Key Responsibilities- Define and communicate the strategic vision for PFS, ensuring alignment across Hospital and Physician Billing teams.
- Work with Revenue Cycle leadership to create strategic plans and KPIs for the organization.
- Track performance metrics, market trends, delivery systems, and legislative changes that may affect objectives.
- Enhance talent utilization and cultivate a culture that aligns with the organization's mission through effective leadership and development.
- Manage financial planning, monitoring, and execution to ensure a cost-effective PFS operation.
- Oversee clean claim rate performance to minimize unbilled A/R days.
- Ensure efficient claim follow-up to secure timely and complete payments from payers and patients.
- Authorize and supervise insurance cash and adjustment postings for accurate and timely payment processing.
- Analyze both qualitative and quantitative metrics to promote continuous improvement initiatives.
- Manage the performance and throughput of onshore and offshore vendor resources, collaborating on service level agreements (SLAs) and invoicing.
- Oversee A/R trends by facility, payer, and other relevant dimensions, coordinating with Managed Care for resolution.

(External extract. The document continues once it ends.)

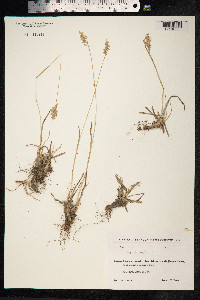 Poa alpina image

- Engage with stakeholders to enhance personnel, processes, and technology within billing operations.
A Bachelor's degree is required; a Master's degree is preferred.
ExperienceAt least 15 years of proven senior leadership experience in a large, complex multi-site health system's Revenue Cycle or PFS function.
Skills, Knowledge, and Abilities- Ability to make data-driven decisions, conduct cost/benefit analyses, and build consensus among stakeholders.
- Strong communication, relationship management, customer service, organizational, and change leadership skills.
- Understanding of provider operations and patient flow to identify revenue cycle cause-and-effect issues; familiarity with A/R management and accounting principles.
- Comprehensive knowledge of payer payment methodologies, contracts, regulations (Medicare/Medicaid), coding (ICD, HCPCS/CPT), and physician billing.
- Experience in leading large-scale operational transformation initiatives that enhance efficiency, quality, and financial results.
- Proven track record of designing and implementing strategies that yield measurable improvements in patient financial services performance.
- Advanced problem-solving skills, including the ability to diagnose complex operational challenges and implement sustainable solutions.
- Capacity to innovate within existing operational frameworks, introducing new models, technologies, and workflows to modernize PFS operations.
- Strong strategic thinking abilities, with the capability to translate organizational priorities into actionable plans for PFS functions.
- Experience in overseeing third-party vendors (both onshore and offshore) and managing SLAs.
- Familiarity with enterprise revenue cycle systems, dashboards, KPI management, and denial analytics.